WHAT YOU ARE ASKED TO DO: Starting at the line that contains "Front Double Glass", return every line through the end of the data exactly, without pictures.

· · ·

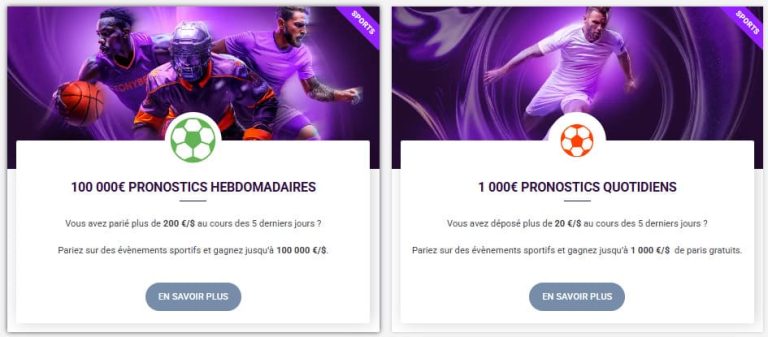 TonyBet Casino bonus paris sportifs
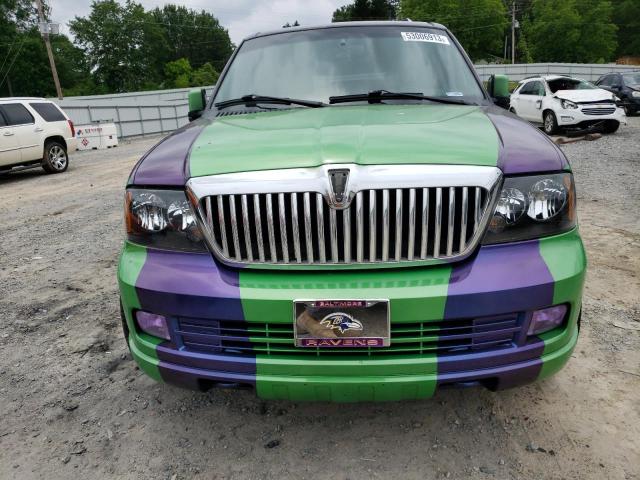 5LMFU28535LJ07777 - 2005 LINCOLN NAVIGATOR 双色 照片 5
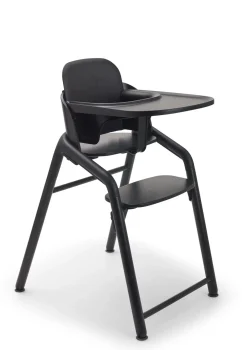 Ultimatives Hochstuhl-Set 'Giraffe' Schwarz Kinder Kinderstühle & Kindertische|Hochstühle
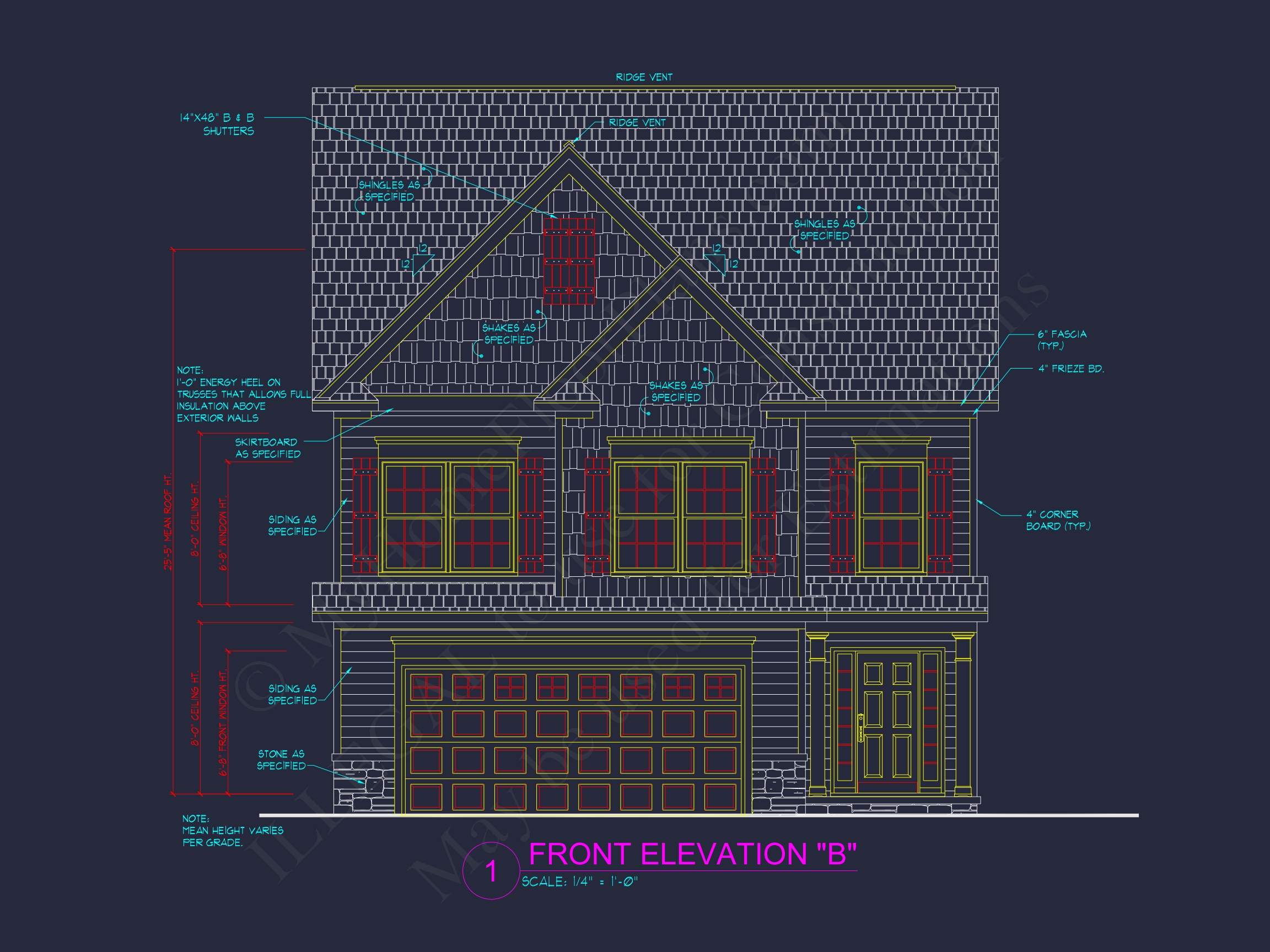 Modern Suburban Home Plan with Spacious Floor Design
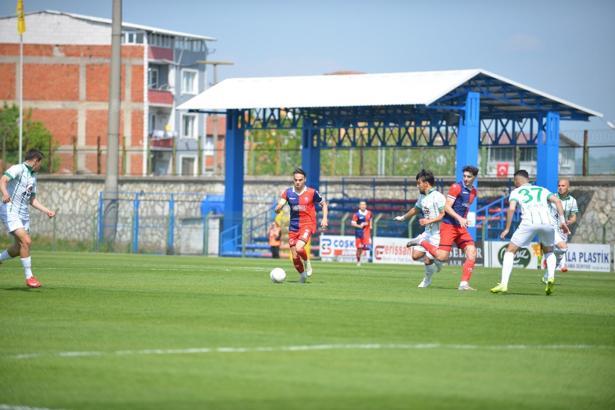 1923 Mustafakemalpaşaspor - Aliağa Futbol: 1-5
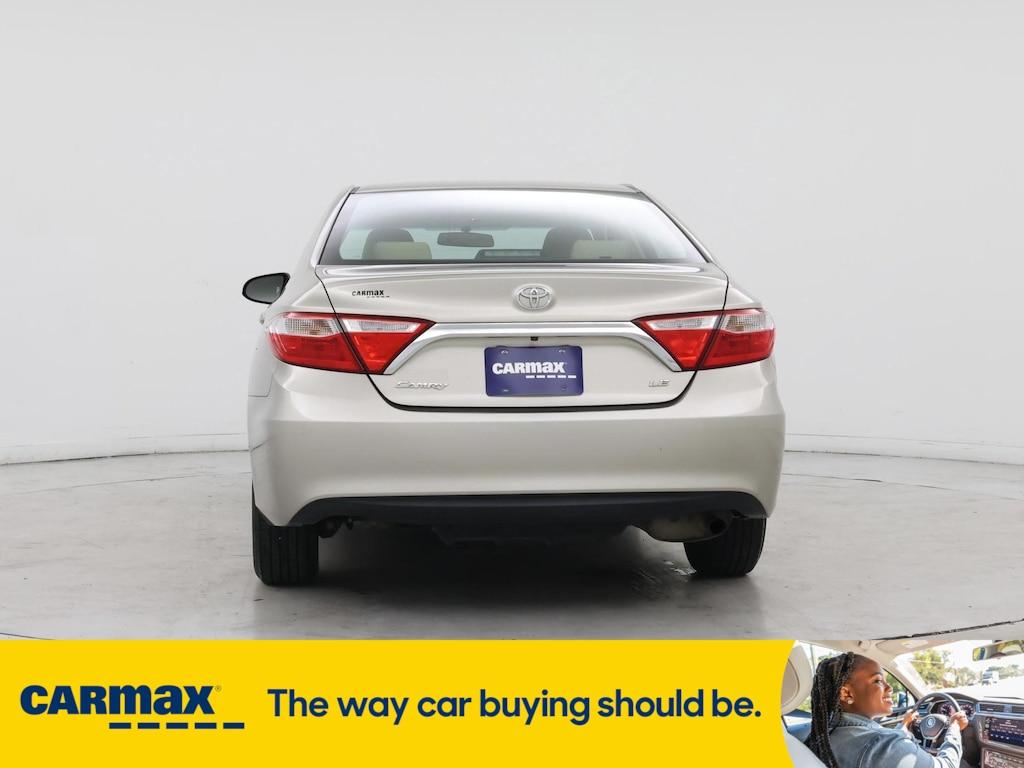 used 2015 Toyota Camry car, priced at $16,998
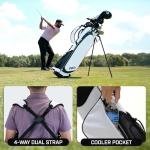 Izzo Quik 9 Golf Stand Bag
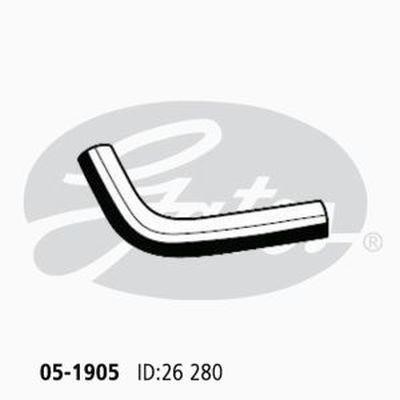 Gates 05-1905 Radiator hose 051905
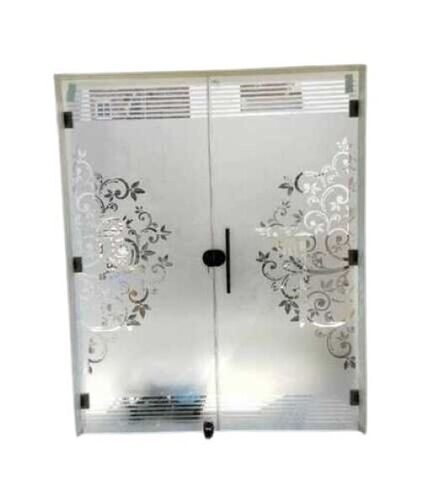 Front Double Glass Door - Application: Industry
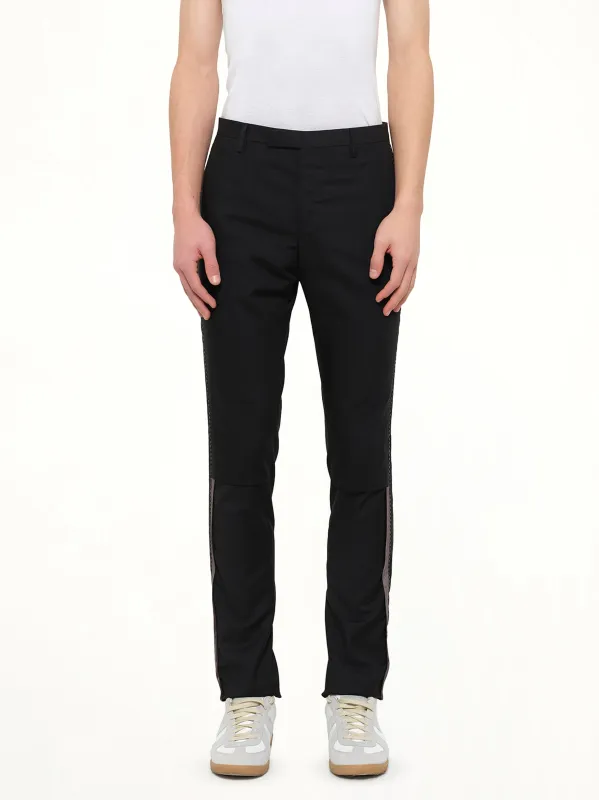 Insideout Look Pants in Black made by Lanvin
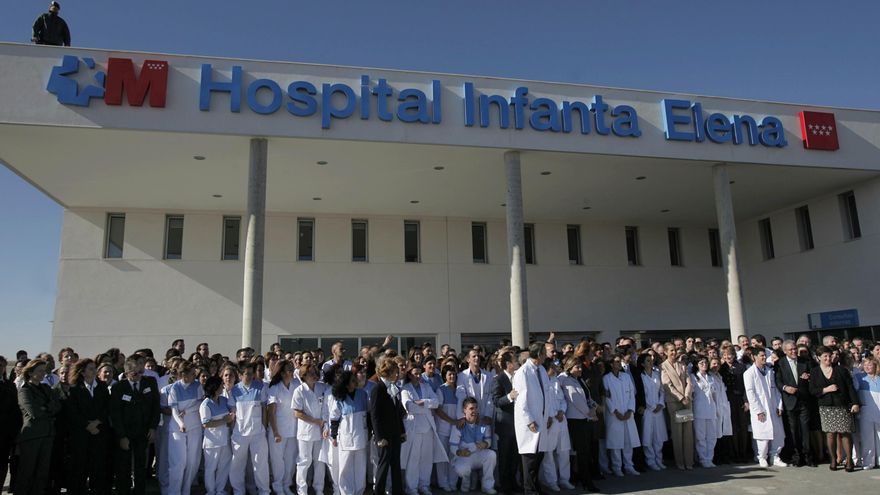 Madrid tiene 4 de los 8 hospitales públicos españoles con gestión privada como el Torrejón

· · ·

THE COMPLETED TASK:
 Front Double Glass Door - Application: Industry
 Insideout Look Pants in Black made by Lanvin
 Madrid tiene 4 de los 8 hospitales públicos españoles con gestión privada como el Torrejón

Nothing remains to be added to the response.